ENTRIES SUPPLIED:
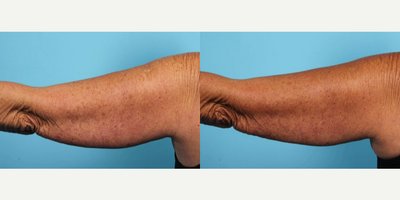 CoolSculpting before and after photo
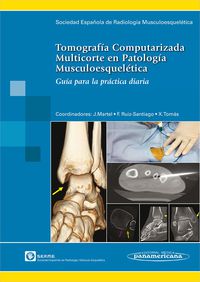 tornografia computarizada multicorte en patologia musculoes - Serme / [ET AL. ]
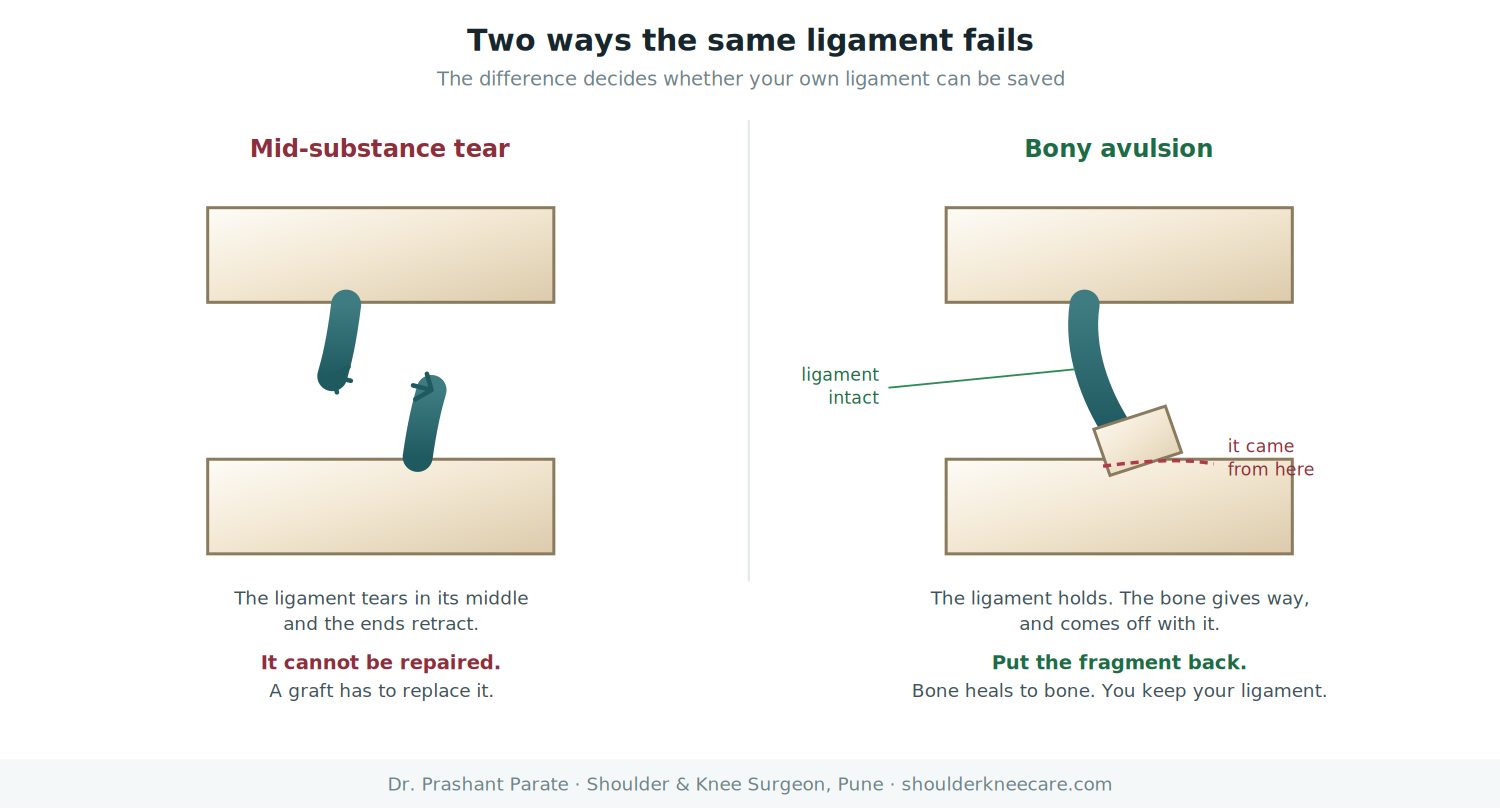 Mid-substance ligament tear compared with a bony avulsion where the ligament stays intact and pulls off with bone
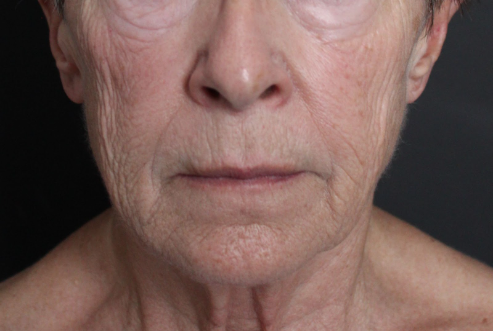 Before: <p>68 yrs | 1 year post-op | Renuvion Skin Resurfacing</p>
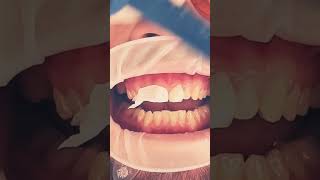 Veneers before and after video dentistteeth shorts [upl. by Acirederf199]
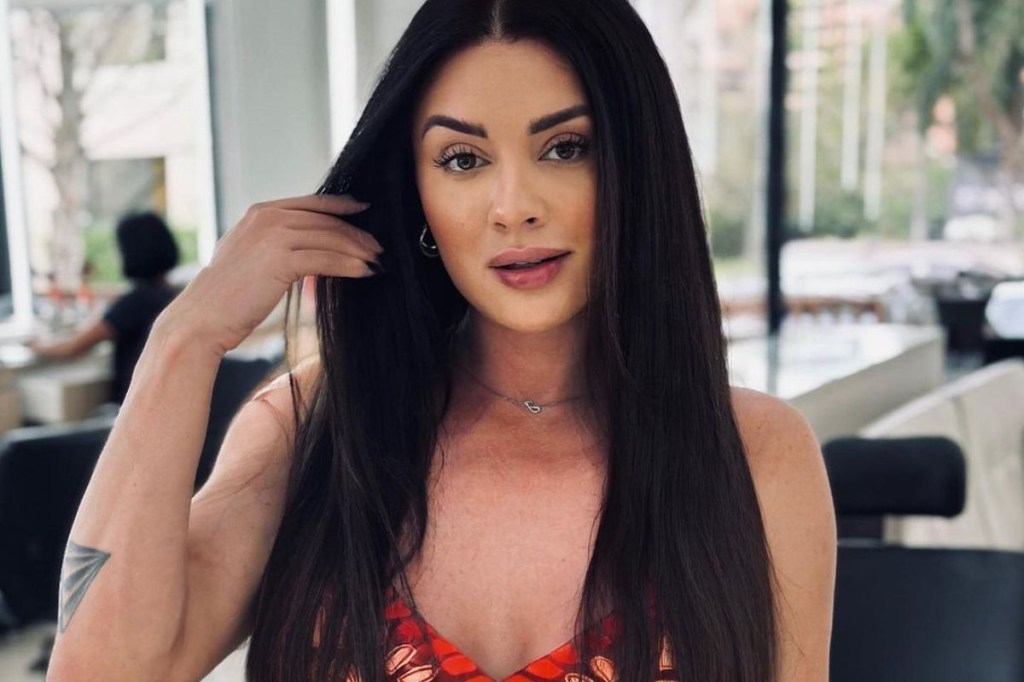 Juju Salimeni revela ter psoríase: ‘Disfarçava com maquiagem’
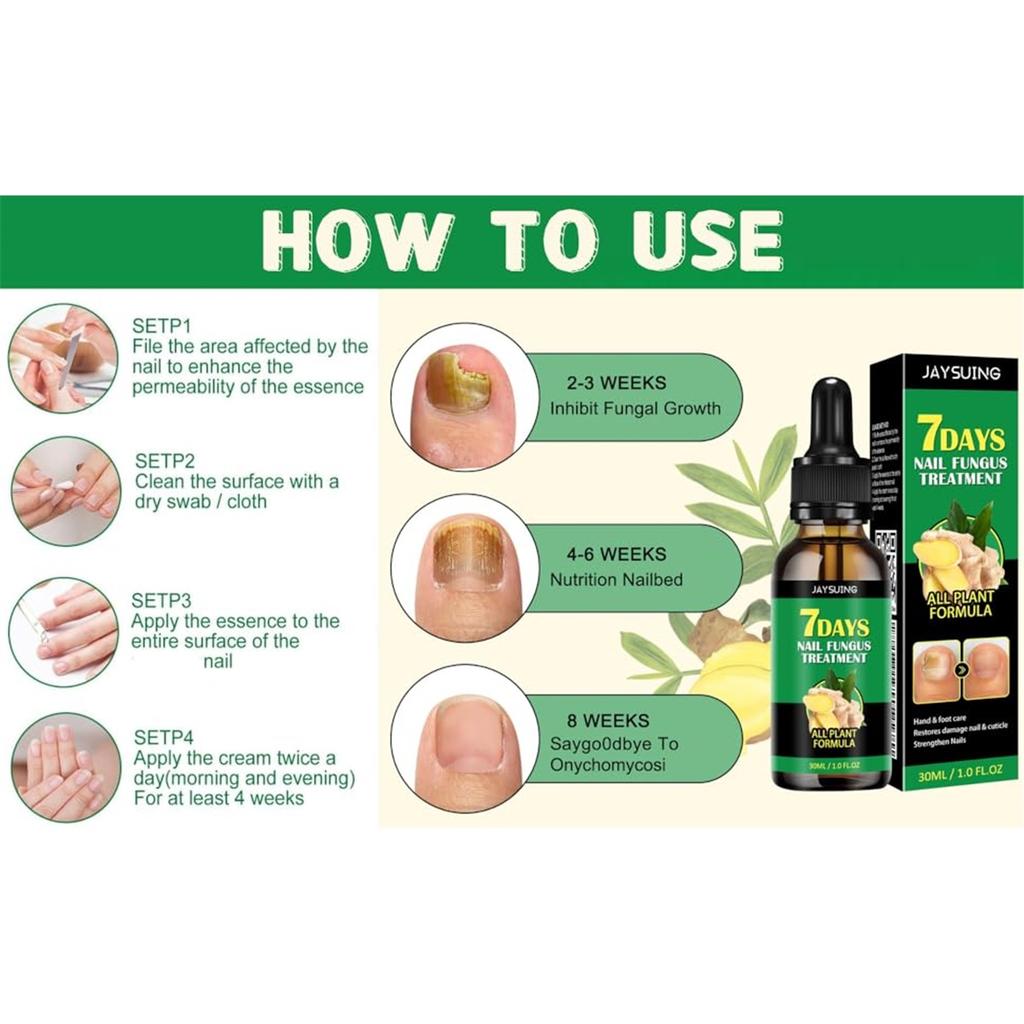 2PCS Ginger Growth Serum, Ginger Cuticula Care Oil for Nails, Ginger Nail Support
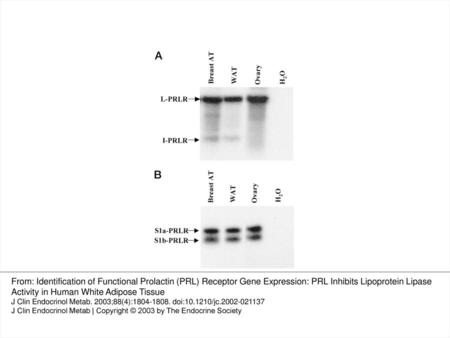 Figure 1. Analysis of four different hPRLR mRNA isoforms (L, I, S1a, and S1b) in human breast adipose tissue (Breast AT), sc abdominal.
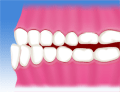 国立　歯医者　不正咬合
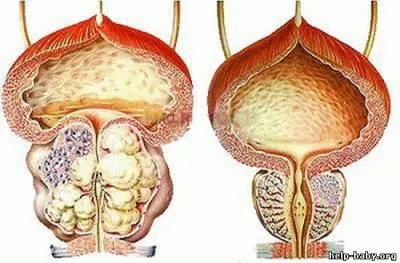 Kezelés Kínában prostatitis módszerek TCM, tibeti orvoslás, a hagyományos kínai orvoslás központja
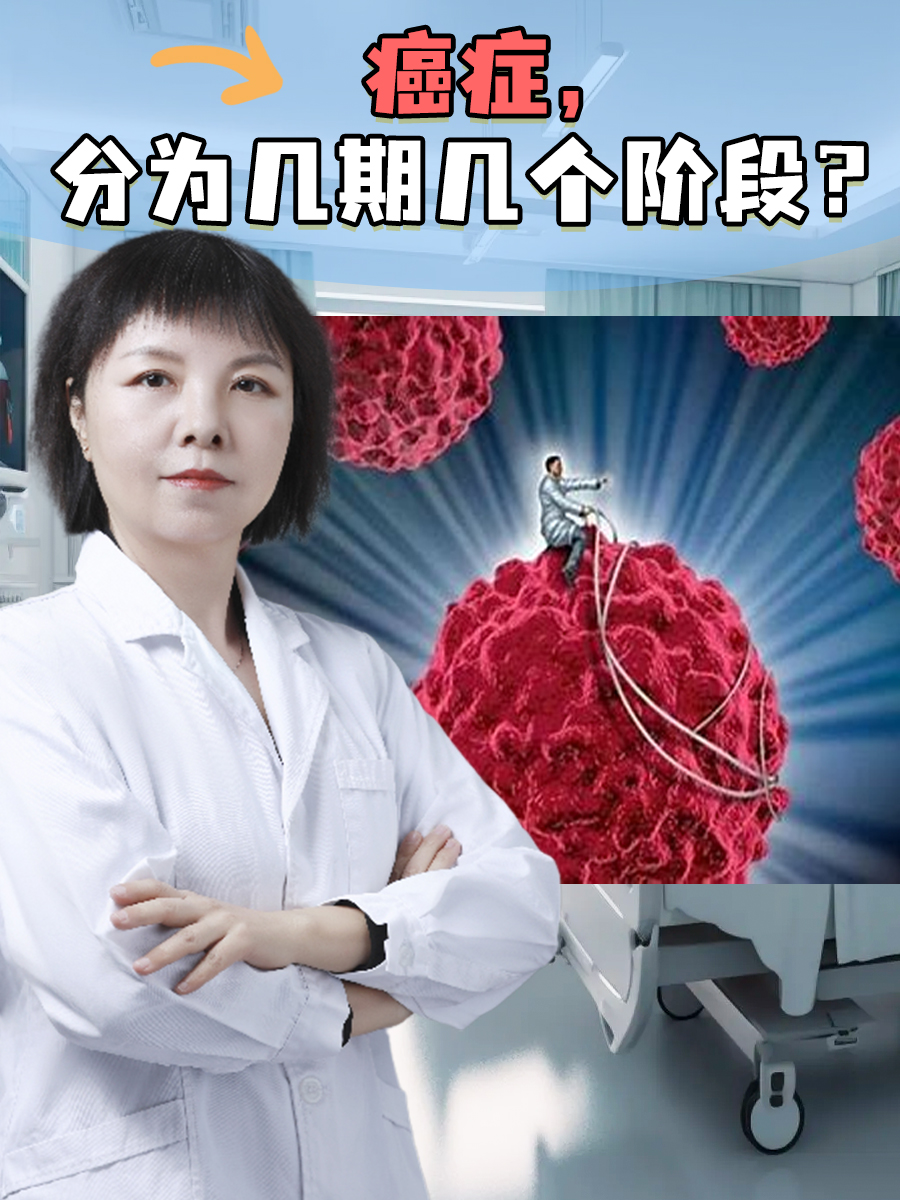 癌症，分为几期几个阶段？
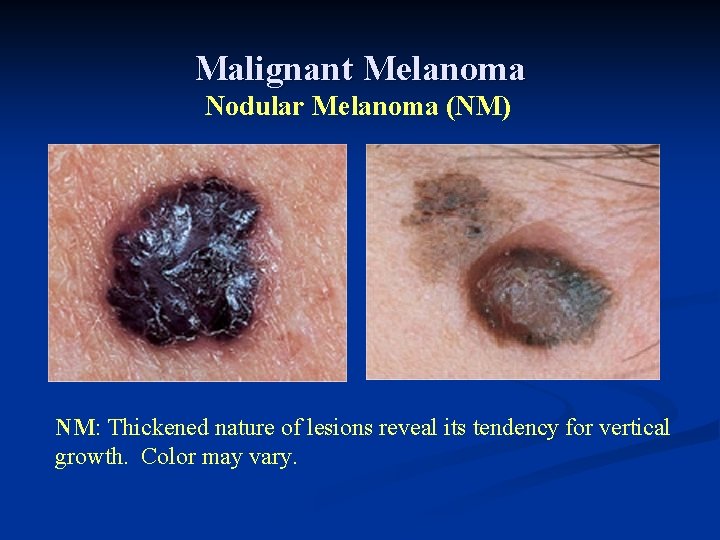 Malignant Melanoma Nodular Melanoma (NM) NM: Thickened nature of lesions reveal its tendency for Malignant Melanoma Nodular Melanoma (NM) NM: Thickened nature of lesions reveal its tendency for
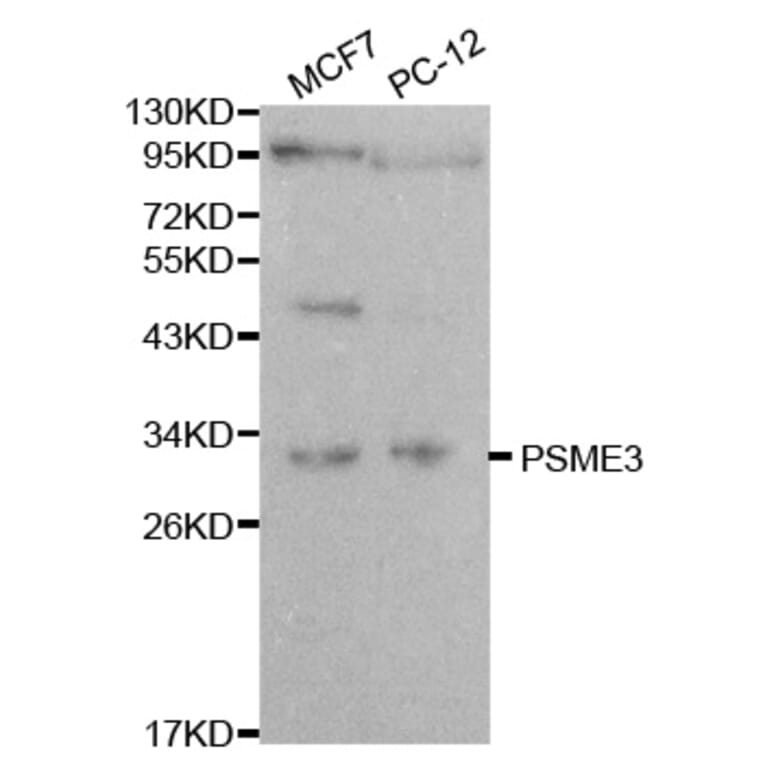 Western blot - PSME3 Antibody from Signalway Antibody (32056) - Antibodies.com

WHAT IS EXPECTED:
Take the line containing "tornografia computarizada multicorte" as the first and the last line of the records as the end. Print every line in that span exactly, leaving out pictures.

WRITTEN SOLUTION:
 tornografia computarizada multicorte en patologia musculoes - Serme / [ET AL. ]
 Mid-substance ligament tear compared with a bony avulsion where the ligament stays intact and pulls off with bone
 Before: <p>68 yrs | 1 year post-op | Renuvion Skin Resurfacing</p>
 Veneers before and after video dentistteeth shorts [upl. by Acirederf199]
 Juju Salimeni revela ter psoríase: ‘Disfarçava com maquiagem’
 2PCS Ginger Growth Serum, Ginger Cuticula Care Oil for Nails, Ginger Nail Support
 Figure 1. Analysis of four different hPRLR mRNA isoforms (L, I, S1a, and S1b) in human breast adipose tissue (Breast AT), sc abdominal.
 国立　歯医者　不正咬合
 Kezelés Kínában prostatitis módszerek TCM, tibeti orvoslás, a hagyományos kínai orvoslás központja
 癌症，分为几期几个阶段？
 Malignant Melanoma Nodular Melanoma (NM) NM: Thickened nature of lesions reveal its tendency for Malignant Melanoma Nodular Melanoma (NM) NM: Thickened nature of lesions reveal its tendency for
 Western blot - PSME3 Antibody from Signalway Antibody (32056) - Antibodies.com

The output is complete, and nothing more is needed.